The mode of payment by a person resident in India for making overseas investment shall be in
accordance with regulation 8 of the OI Regulations. It is further provided that:
(i) Overseas investment by way of cash is not permitted.
(ii) In terms of Regulation 5(B) of Notification No. FEMA 10(R)/2015-RB, namely, Foreign
Exchange Management (Foreign Currency Accounts by a resident in India) Regulations,
2015, an Indian entity can make remittances to its office/branch outside India only for the
purpose of normal business operations of such branch or office. Accordingly, no remittance
shall be made by any Indian entity to its branch/office outside India for making any overseas
investment.
(iii) A person resident in India shall not make any payment on behalf of any foreign entity other
than by way of financial commitment as permitted under the OI Rules/Regulations.
(iv) Any investment/financial commitment in Nepal and Bhutan shall be done in a manner as
provided in Notification No. FEMA 14(R)/2016-RB, namely, Foreign Exchange Management
(Manner of Receipt and Payment) Regulations, 2016. All dues receivable on investments
(or financial commitment) made in freely convertible currencies, as well as their sale/winding
up proceeds are required to be repatriated to India in freely convertible currencies only.

12. Pricing Guidelines


(1) The AD bank, before facilitating an overseas investment related transaction, shall ensure
compliance with the provisions contained in rule 16 of OI Rules. With respect to the documents
to be taken by the AD bank, they shall be guided by their board approved policy, which may, inter
alia, provide for taking into consideration the valuation as per any internationally accepted pricing
methodology for valuation. The AD bank shall put in place a board approved policy within two
months from the date of these directions.
(2) Such policy may also provide for scenarios where the valuation may not be insisted upon,
such as (i) transfer on account of merger, amalgamation or demerger or liquidation, where the
price has been approved by the competent Court/Tribunal as per the laws in India and/or the host

10
jurisdiction or (ii) price is readily available on a recognised stock exchange, etc. The policy shall
also clearly provide for additional documents such as the audited financial statements of the
foreign entity, etc. that may be taken by the AD banks for ascertaining the bona fides in cases
involving write-off of the investment.

13. Transfer or liquidation


A person resident in India holding equity capital in accordance with OI Rules may transfer such
investment in accordance with rule 17 of OI Rules.

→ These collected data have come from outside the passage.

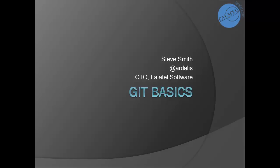Hi, this is Steve Smith with Falafel Software. In this quick video we're going to take a look at some git basics.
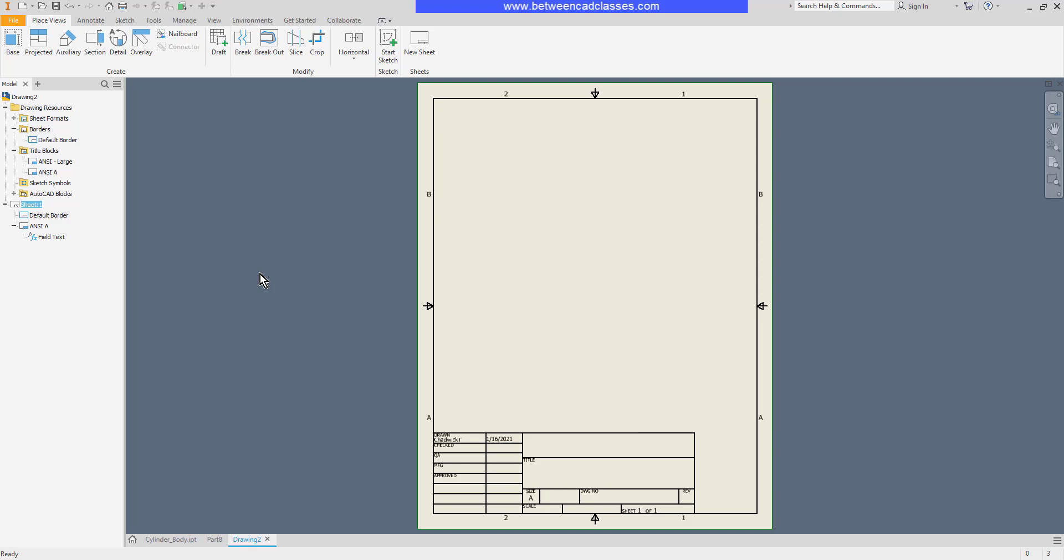To create a new sheet I can select the new sheet button in the ribbon and I'm going to get a new sheet that matches the one that I was just on, so you can see that I get another portrait sheet here, A size with the smaller title block.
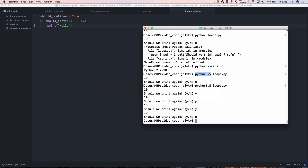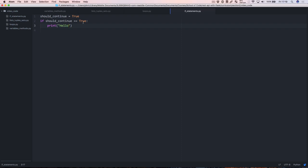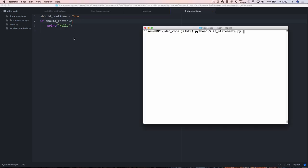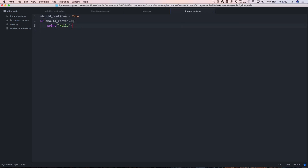Let's go back to the terminal and run python ifstatements.py and that prints out hello as you would expect. Now what do you think happens if I remove the == True? Will we get something printed out, will we get an error, will we get nothing? We still get hello, because == True is not necessary. If we say 'if should_continue', the == True is implied, so this means if should_continue is true — we don't need to include that.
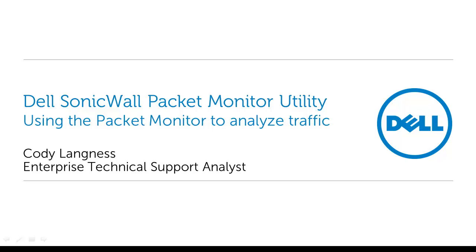My name is Cody Langness. I'm an Enterprise Technical Support Analyst for Dell SonicWall. Today I'm going to show you how to utilize the packet monitor utility to analyze packets that are coming into your firewall to determine whether or not your SonicWall is forwarding them to a downstream machine.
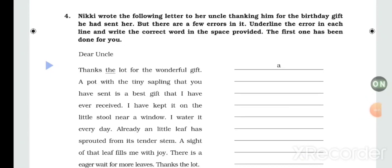Hello friends, today we are going to study an editing question for Class 6 English practice. Nikki wrote the following letter to her uncle thanking him for the birthday gift he had sent her, but there are a few errors in it. Underline the error in each line and write the correct word in the space provided. The first one has been done for you.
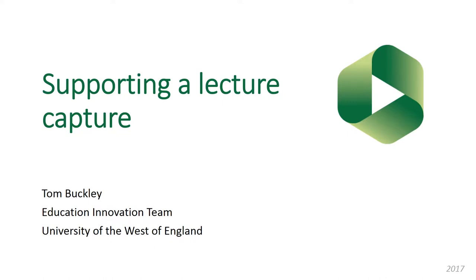Welcome to this presentation. My name is Tom Buckley. I work as a senior learning technologist in the education innovation team and I wanted to put together a short presentation for people who have been asked to support a lecture capture or an event capture.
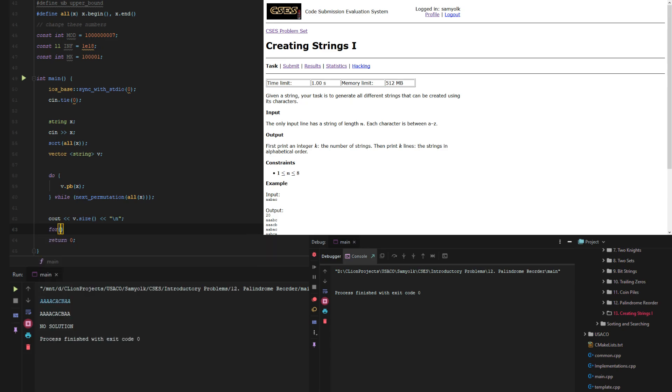For every string y in v, we just need to cout.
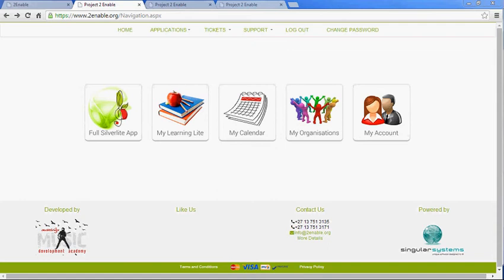Welcome to To Enable Help. In this video I'm going to explain how to register or join an organisation, and as an organisational administrator how to accept an application to join your organisation.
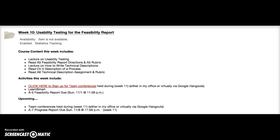Hi, this is Lynn McCool and this is an overview of week 10. This week you should wrap up your usability testing of the instructions. For the A4 assignment, remember you were assigned a different team's set of instructions, and you are supposed to be doing usability testing on those instructions.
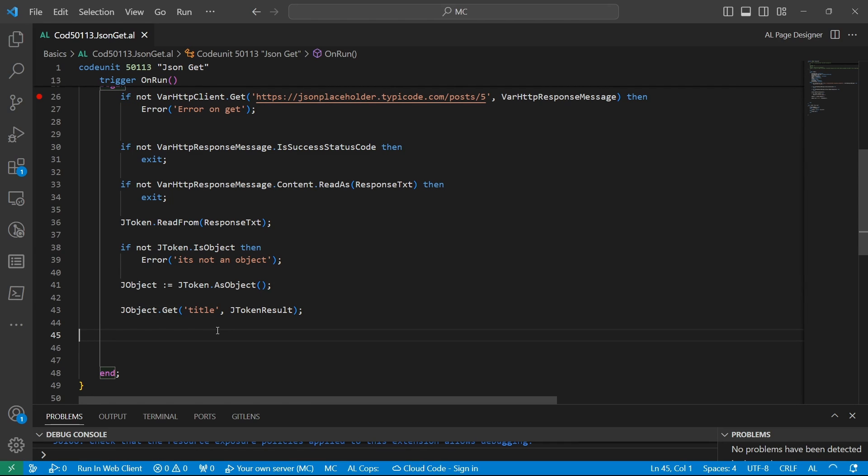In day 29 of 30 days of AL programming, we are going to look at how to loop through all the JSON keys. Basically, there is a method known as jobject.keys from the JSON data type.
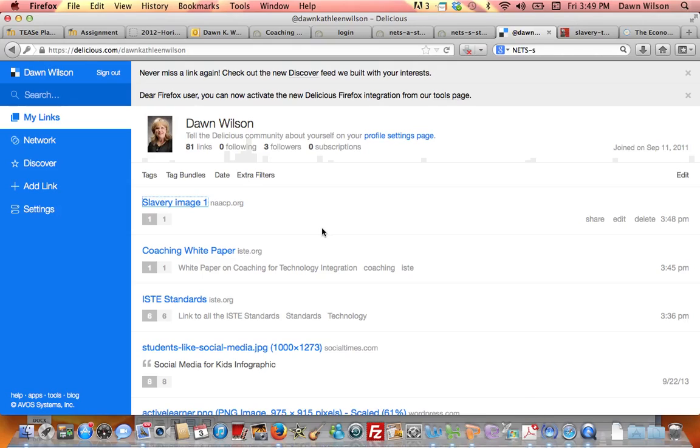So I hope you have fun bookmarking and will use this Delicious throughout the course. Have fun.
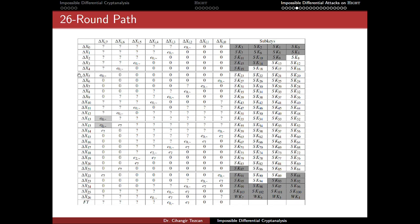Since we have this 16-round impossible differential, our aim is to attack more rounds. Normally you can add a few more rounds to the top or bottom, but due to the Feistel network structure of HIGHT, we can add really more rounds — we added five rounds to the top and five rounds to the bottom, plus the final transformation.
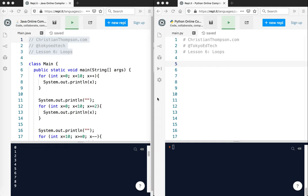Okay, welcome back to Python for Java Coders. This is lesson six where we're going to talk about loops. There are some differences here in the way that loops work in Python versus Java. There's also of course some similarities. So let's get started.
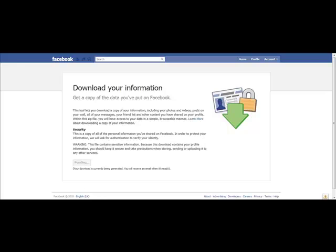Now we wait. Facebook now has an inbuilt tool that enables you to back up your Facebook profile information, your photos, your videos, any posts on the wall, all your messages, your friends lists, and any content you've shared — all in one convenient zip file. It might take hours depending on how many photos, videos, friends, and everything that you have. So I'm just going to pause this video and come back when it's done.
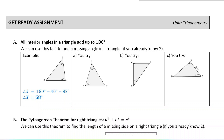This video is to go over some basic skills you're going to need for the upcoming unit. They're all to do with trigonometry and triangles.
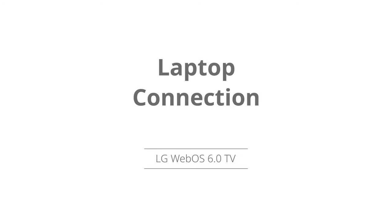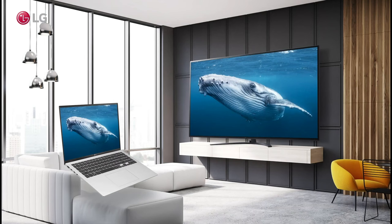Connect your laptop to the LG webOS 6.0 TV. Watch this video to learn how to connect your PC or laptop to your LG Smart TV.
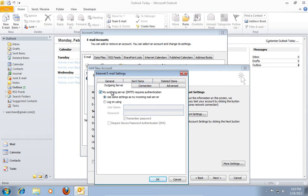Check My Outgoing Server requires authentication. And be sure to check Use the same settings as my Incoming Mail Server option.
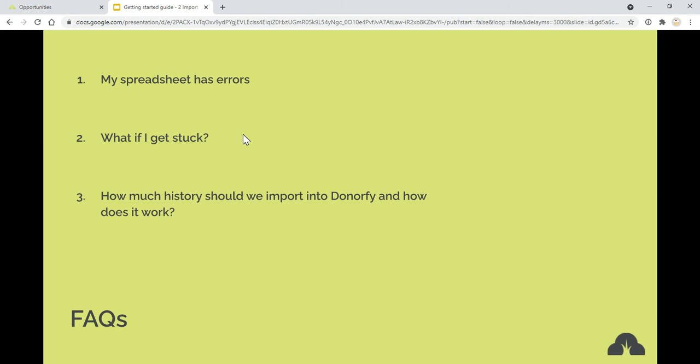If you get stuck, a reminder of the different services, so Donify chat, the support team, and if you're really stuck and have some budget to help then the onboarding service or partners can help you as well.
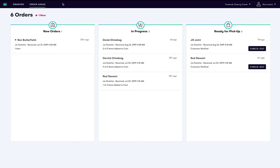Flowhub's order ahead feature allows you to easily process orders placed from your website or an online ordering service like Dutchy. To view order ahead orders, navigate to the order ahead tab in the cashier menu.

It is clarified that where the transferor is
required to repatriate all the dues before disinvestment, such requirement shall not apply to the
dues that do not arise on account of investment in equity or debt like export receivables, etc.

14. Restructuring
(1) A person resident in India who has made ODI in a foreign entity, may permit restructuring of
the balance sheet by such foreign entity in accordance with rule 18 of OI Rules. The aggregate
investment in both the equity and debt of the foreign entity shall be taken into consideration for
computing the proportionate amount of accumulated losses. However, in case the restructuring
involves only equity, investment only in equity of the foreign entity may be taken into consideration
for computing proportionate losses.

(2) The certificate required to be furnished in accordance with rule 18 of OI Rules shall mention
the amount of accumulated losses as per the audited balance sheet of the foreign entity, the
proportionate amount of accumulated losses based upon the share of the Indian entity/investor,
the amount of diminution in the value of the outstanding dues towards the Indian entity/investor
post restructuring and that such diminution does not exceed the proportionate amount of
accumulated losses.

(3) These provisions shall not be used where the assets are simply revalued in the books of the
Indian entity without any restructuring of the balance sheet of the foreign entity.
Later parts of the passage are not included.